This mode is very similar to Battle 2P. The player is pitted against five other opponents. The opposing players are also recordings as in Battle 2P. There is a target that constantly alternates between the other five players. When garbage is sent by the player, the person that the target is current pointing at is the one that receives the garbage. Knock-outs are awarded to the person that sent the most garbage to the knocked-out player, so timing of attacks is important in earning knock-outs. The player with the highest knock-out-to-knocked-out ratio after two minutes is the winner. If that is tied, then number of lines of garbage sent is the tie-breaker, as in Battle 2P. By doing well, the players can earn stars, which promotes them to new ranks. Doing poorly will cause players to lose stars. As in Battle 2P, there are twenty ranks in the mode. This mode is not available on the Facebook version.

==== Sprint 5P ====

In Sprint 5P, the player plays against four others players in the basic Sprint Mode. The players are previously recorded as in Battle 2P. The goal is to clear forty lines before the other players. Players earn stars by placing first or second, and they lose stars by placing fourth of fifth. Once enough stars are earned, they advance to a new rank just as in Battle 2P.

==== Arena ====

Arena is the only live multiplayer mode. It pits up to six players against each other in real time. It works similarly to Battle 6P, except that when a player is knocked out, they are out of that round.

Arena is the only mode with holes in its garbage (think of Tetris 99 and Puyo Puyo Tetris's garbage). There are also unclearable lines, according to Tetris wiki, "After 90-150 seconds, each player begins to receive one line of garbage every 3 seconds. Garbage given to you this way has no gaps at all and is unclearable."

There is an in game chat where the player can chat with their opponents any time. There is also an automated message, in the chat, highlighted green, whenever someone leaves or enters a room or when someone is KO'd.

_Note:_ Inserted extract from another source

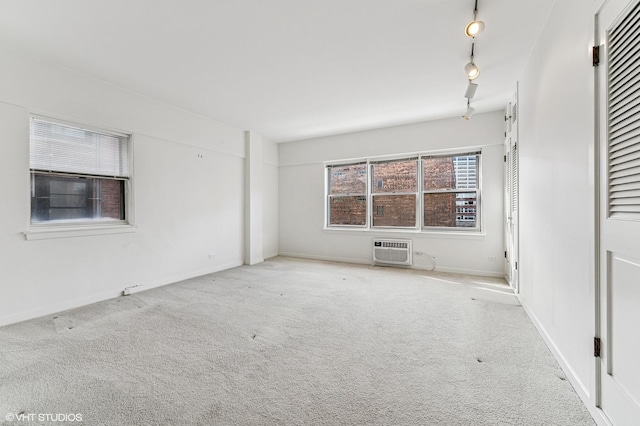 spare room with rail lighting, baseboards, carpet flooring, and a wall mounted AC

There are also items available in the game. When special flashing blocks (Tetriminoes with one of the minos containing a question mark) are cleared, the player is awarded with a randomly selected item that harms the opponent in some way. It is stored in the item queue and the activates when player presses v (the player can change controls in setting which means for some players, they press another button instead of v). Items can cause more garbage, speed up the game for the opponent, or even make the blocks invisible, among other things.

There are also maps, a preset board full of minos set in a specific shape. (available in room creation)

The player would create or join a room in order to play.

When joining a room, they can pick from a list of rooms listed in the middle of the screen. The room banner would include; room name, maps, items, rank, number of players (currently in the room), and spectators (currently in the room). Below that is a line of dots, each dot representing a player in the room, the dots would have colors depending on their rank (ex: silver color for silver rank). To the right of that is the button to watch (spectate) and button to join (play). Some times, the room banner would also have the word "HOT" in bold red with a fire symbol to the top right of the banner if the room has been doing well.

To the top right would be a big green button called "quick play". Which boots the player into an already made room with players or if there are no rooms available, it boots the player into a default room with no one. From top down is; "quick play", "create room", "hide room list", and "friends online"

There is also a button at the top right of the frame called, "change list". When clicked, the player would get a list. It shows the list of classes, and whether you can play or watch. Players that are ranked above a class can play in that class. They cannot play against classes above them. In the list, there is a dot with the color of the class and the class name which include, "bronze class", "silver class", "gold class", "platinum class", "non ranked", and "hot to watch". Non ranked is available to all players no matter their class.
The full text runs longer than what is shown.